Maybe this is why SaaS companies spending $100M on paid ads only spend $1 million per year on content marketing and PR. One channel isn’t 100x more effective than the other, but one is far more measurable and can more easily be reduced to ROI. So, the CMO who spends 100x on paid ads is less likely to lose her job when marketing has a soft quarter.

2. Companies often buy marketing without clear ROI

Buyers do not buy marketing purely on the basis of calculable ROI; this is a fact of how so much marketing business is done.

I present to you as a case in point: PR agencies.

I like PR agencies. I grew up in them as a marketer. I think they do extremely valuable work. For example, let’s say (as once occurred on a PR team I was a part of) your PR agency got you an investigative report in a high-profile publication explicitly criticizing your biggest competitors for shady practices while upholding you as a rare beacon of integrity. How much is that story worth? Especially if properly amplified, the story, I’d argue, is potentially worth millions of dollars — for one hit.

But anyone who tells you the impact of PR is 100% measurable has a bridge to sell you. Because the basic unit of a PR service — for example, that one investigative story — is extremely hard to measure in its precise value. (Again, tools exist for this, but they are at best approximations, and I assure you most PR veterans share the opinion that the tools are mostly bullshit, an excuse to allay the fears of clients who demand numbers.)

And yet plenty of PR agencies charge retainers upwards of $20k/mo. The largest PR agencies reportedly have clients who pay upwards of $1 million per year. This shows that, as an empirical fact, the value of many marketing efforts, including content marketing campaigns such as a ghostwritten op-ed (similar to the PR example), is not reducible to calculable ROI.

3. Some content marketing efforts lend themselves to ROI more than others; marketers should proceed accordingly

The message of this article is not to stop measuring marketing ROI. It is that some campaigns lend themselves to ROI more than others. Marketers should measure impact where possible while recognizing that not all impact is measurable. And they should decline to judge channels by ROI when that makes little to no sense.

In content marketing, for example, it makes sense to measure whether blog post readers are turning into customers, be that right after reading the blog post or in a follow-up visit. It also makes sense to assess how many white paper downloaders ask for a demo.

But, firstly, you need the right systems in place to measure that ROI; it’s unfortunately extremely common that marketing teams do not have such systems in place and then say, “Our blog isn’t influencing pipeline!”

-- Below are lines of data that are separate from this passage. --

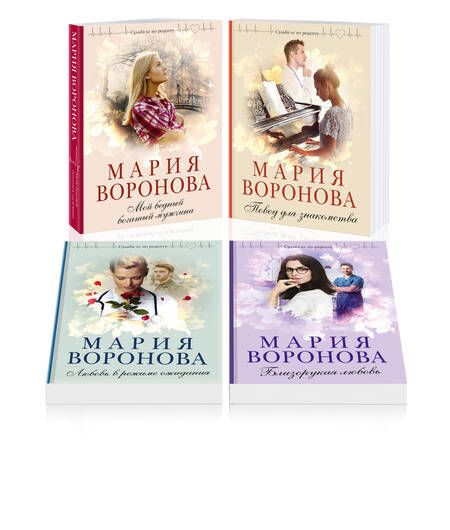 Фотография книги "Мария Воронова: Комплект из 4-х книг: Мой бедный богатый мужчина, Повод для знакомства, Любовь в режиме ожидания, Близорукая любовь"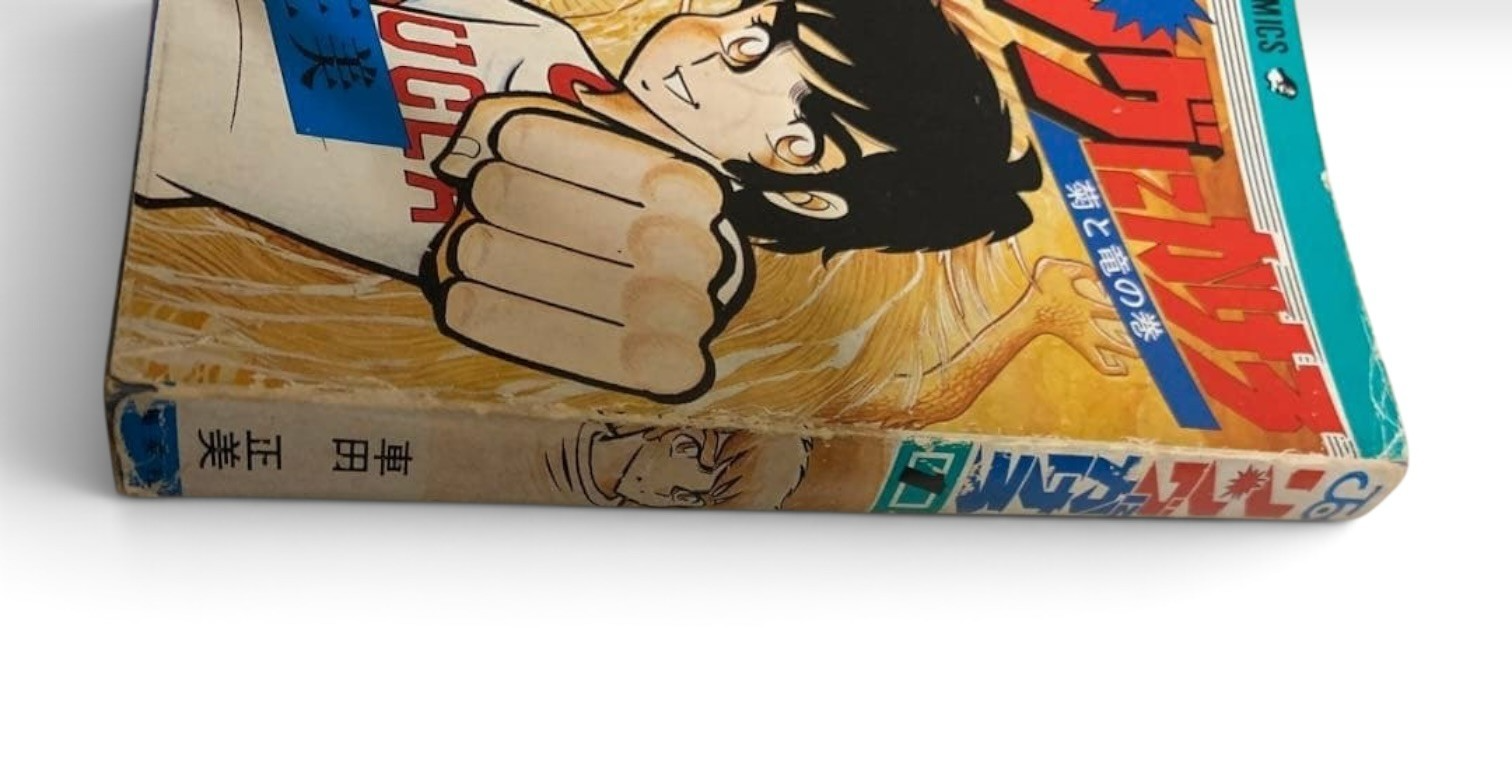 Ring ni Kakero Vol.1 1st Edition Print 1978 Manga Masami Kurumada Rare Japan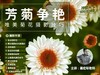 寻梦天下摄影学院【视频课程】 商品缩略图4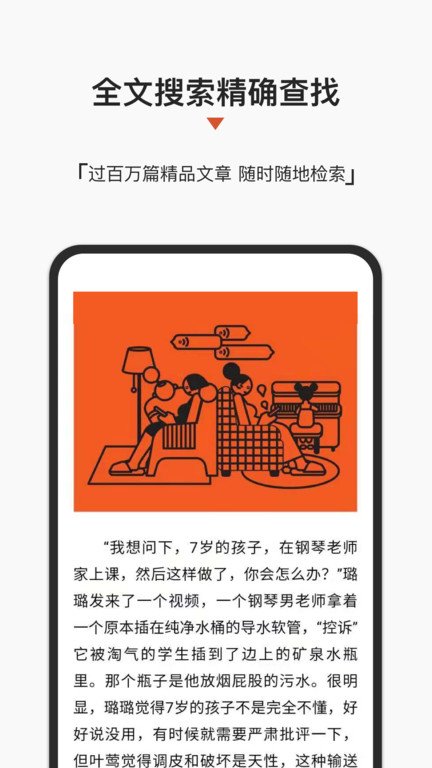 名刊会手机版 名刊会app下载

Secondly, you need to take the numbers with a grain of salt. Let’s say 100 people download your white paper, and three ask for a demo within a month. You may then give the white paper credit for three prospects’ worth of pipeline. But how many of those prospects were already warm when they downloaded the white paper? And perhaps even more importantly, how many of them now know your brand due to the white paper and will become customers in six, 12, or 36 months due to repeat exposure? And when that happens, will you credit the white paper? Or the retargeting campaign? This is all to say that calculating ROI is far trickier than many make it out to be.

And then there are content marketing assets whose impact is frankly very difficult to quantify. It is nearly impossible to measure the ROI on a thought leadership byline placed in a journalistic publication. The impact of social content, which often fosters a yearslong relationship with buyers before they make a purchase, is also notoriously hard to assess.

So, measure what you can. But don’t let overly simple numbers on a dashboard exert undue and misleading influence over your marketing program. And don’t refrain from doing anything that doesn’t lend itself to easy measurement. Because, in that case, you’ll miss out on half the opportunities marketing offers to connect with your customers. And your competitors may not be so unlucky.